===== RECORDED DATA =====

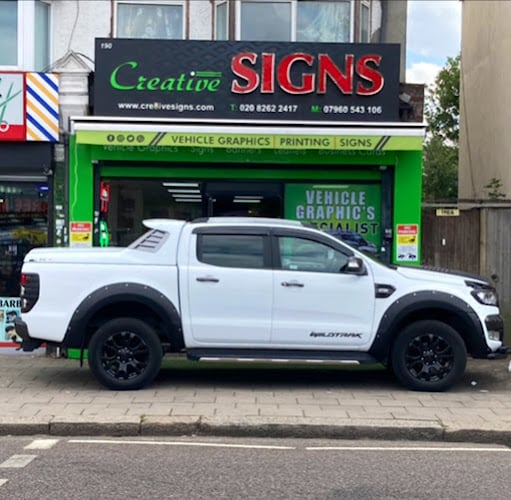 Contractor Creative Signs in Ilford England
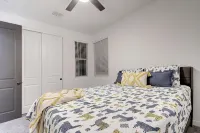 Estrella Mountain 5 Bdrm w/Views, Pool, and Games!
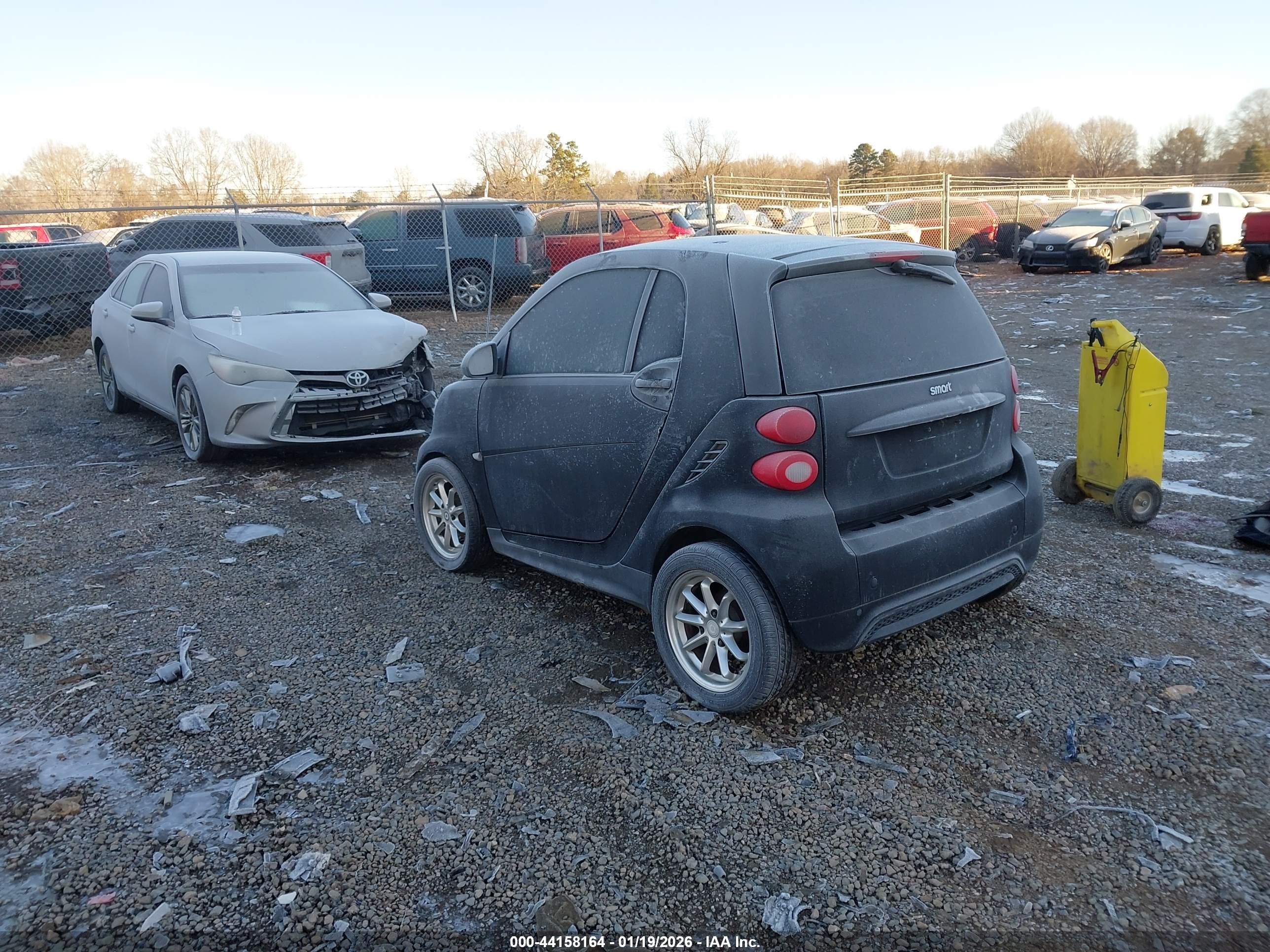 SMART FORTWO image 3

=====

▸ **TASK GOAL**:
Repeat the data word for word, excluding any image.

▸ **FINISHED TASK**:
 Contractor Creative Signs in Ilford England
 Estrella Mountain 5 Bdrm w/Views, Pool, and Games!
 SMART FORTWO image 3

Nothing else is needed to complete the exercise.